Po skomponowaniu około filmowych 450 ścieżek muzycznych,
Ennio Morricone, wreszcie mógł sięgnąć po największe wyróżnienie we włoskiej muzyce. Pojedzie w międzynarodową trasę koncertową wraz z mediolańską orkiestrą słynnej filharmonii La Scala.
Orkiestra wraz z 77-letnim
Morricone, zagra jego klasyczne melodie ze Spaghetti Westernów i innych słynnych filmów. Ten włoski kompozytor zadebiutuje jako dyrygent orkiestry, której historia sięga XVIII-wieku.
Współpraca pomiędzy
Morricone i La Scalą formalnie rozpocznie się 24 lipca w amfiteatrze Arena di Verona. Potem orkiestra ruszy do innych włoskich teatrów. Planowane są występy w tuzinie europejskich stolic, a także w Nowym Jorku i Los Angeles.

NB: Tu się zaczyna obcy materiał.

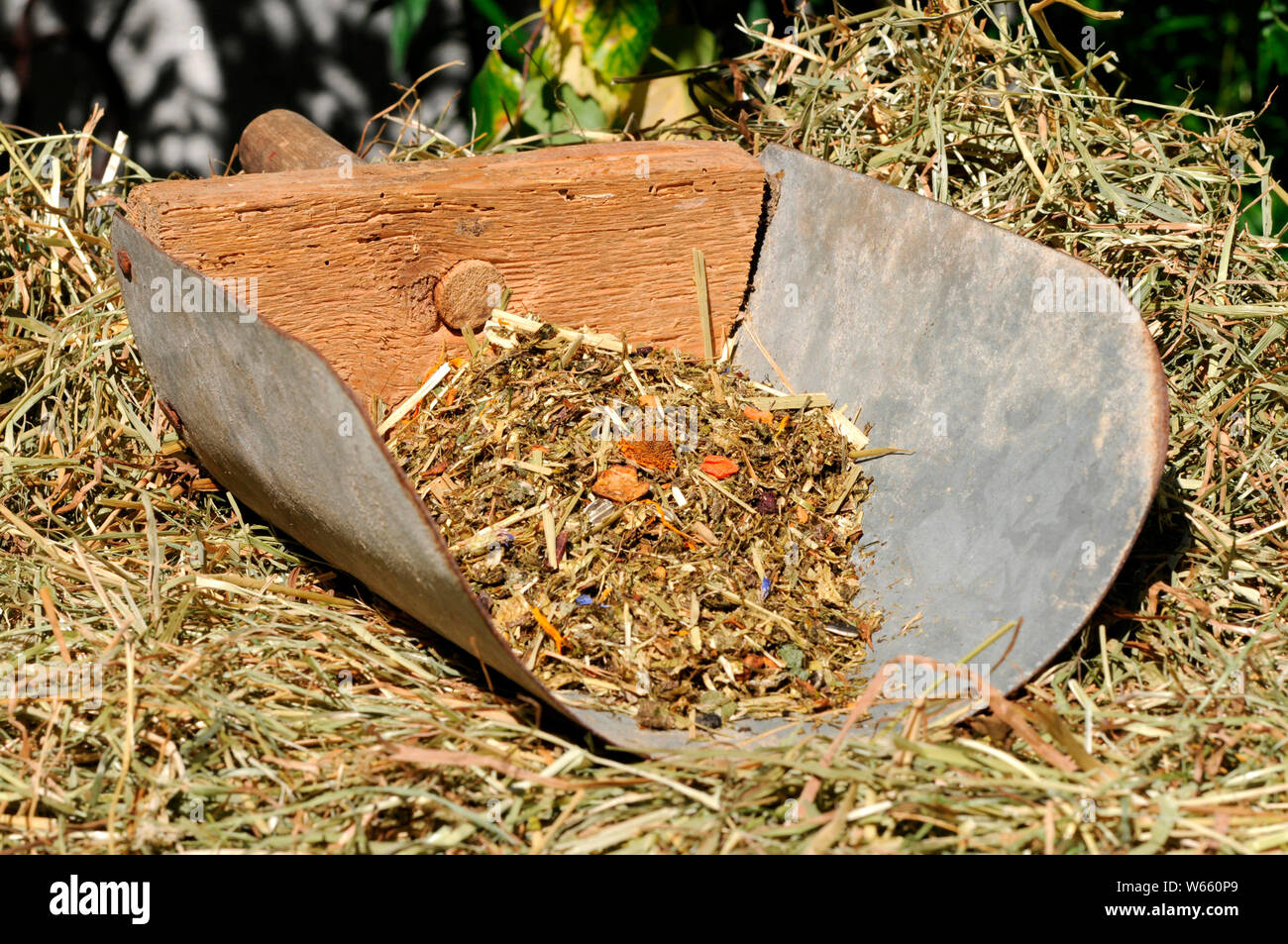 Horse Feed without cereals Stock Photo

Oprócz znanych utworów z dzieł
Sergio Leone, goście usłyszą tematy z
"Nietykalnych",
"Misji", czy
"Cinema Paradiso".
Ennio Morricone święcił sukcesy na całym świecie. Mimo to postanowił wrócić do swojego rzymskiego studia, w jego własnych apartamentach. - Odrzuciłem pracę nad nadchodzącym filmem
Briana De Palmy "The Untouchables: Capone Rising" - powiedział. Dlaczego? - Gdybym spędził całe życie w Hollywood, straciłbym całą moją inspirację - zakończył.